There is a great deal of public concern about deepfakes, most of it centered on the ramifications of being able to quickly and easily face-swap videos. That concern is certainly well-founded, but it may be obscuring an even more immediate threat – deepfake audio. Voice-swapping has already been put to use in at least a handful of artificial intelligence (AI) cyber attacks on businesses, enabling attackers to gain access to corporate networks and convince employees to authorize a money transfer.
The future of AI cyber attacks
The primary use of deepfake audio is to enhance a very common type of attack – business email compromise (BEC).
A business email compromise attack usually begins with some sort of phishing to gain access to the company network and reconnoiter the payment systems. Once the attackers have identified the employees who are authorized to release payments and some of the regular transactions that occur, they impersonate a CEO or CFO to pass a false authorization for a payment to an entity made up to look like one of the company’s regular business partners.

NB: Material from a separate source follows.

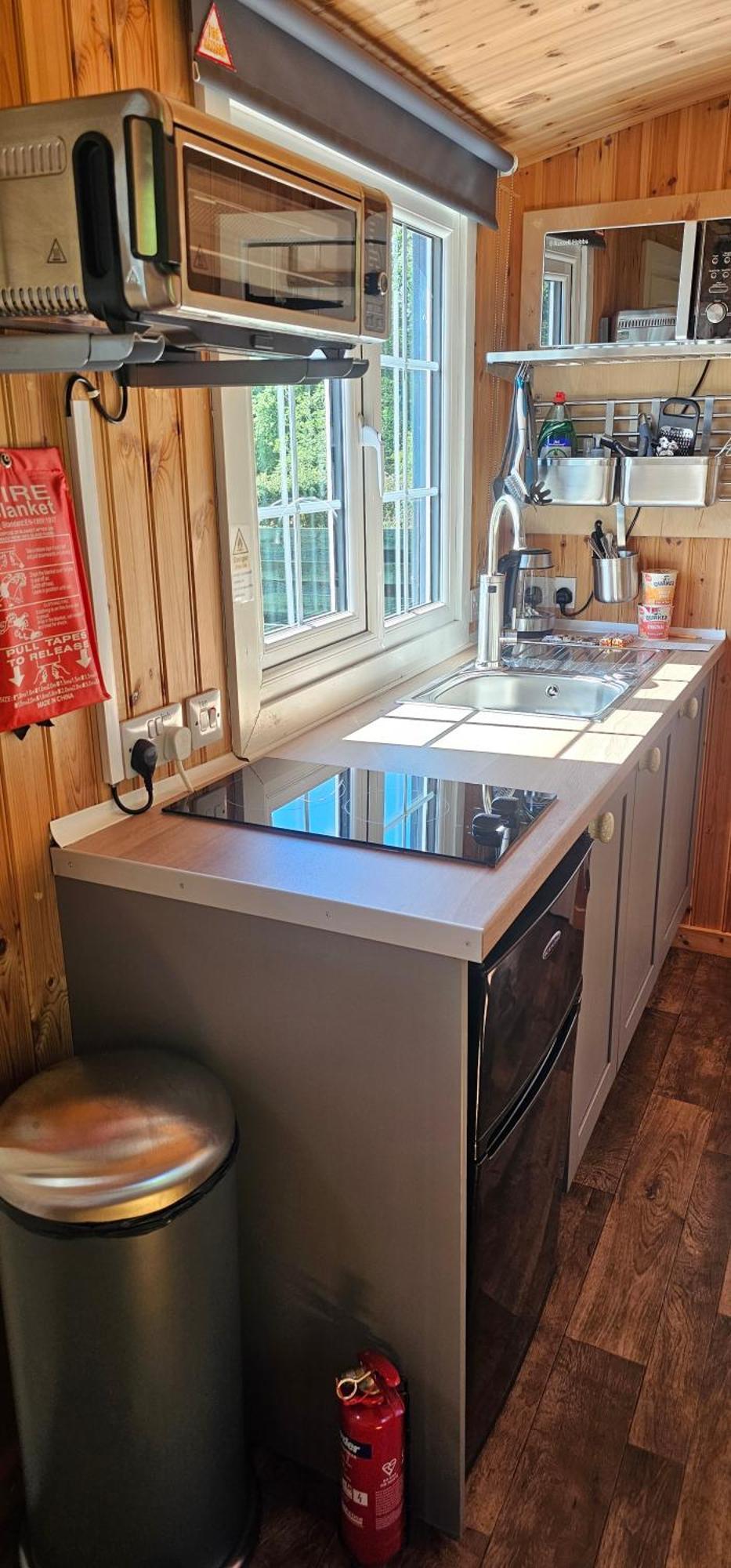 Small Cozy Shepherd Hut 20 By 7 Feet With Boxed In High Double Bed Balmacara Exteriör bild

Up until now, hackers have relied on forging and spoofing emails to commit BEC. The ability to use deepfake audio provides them with a powerful new tool to enhance this very popular form of malicious activity. Attackers usually rely on pressure to carry off the attack, playing the role of the executive harrying the finance employee. The ability to call these employees up on the phone and use the technology to impersonate senior leadership not only adds to the authenticity of the request, but also allows them to dial up the pressure.
How does deepfake audio work?
Deepfake audio is one of the most advanced new forms of AI cyber attacks in that it relies on a machine learning algorithm to mimic the voice of the target. The AI uses generative adversarial networks (GAN) that constantly compete with each other; one creates a fake, the other tries to identify it as fake, and they each learn from every new attempt.
As with the fake videos, the attackers create a voice model by feeding the algorithm “training data”; all sorts of voice clips of the target, often collected from public sources like speeches, presentations, corporate videos and interviews.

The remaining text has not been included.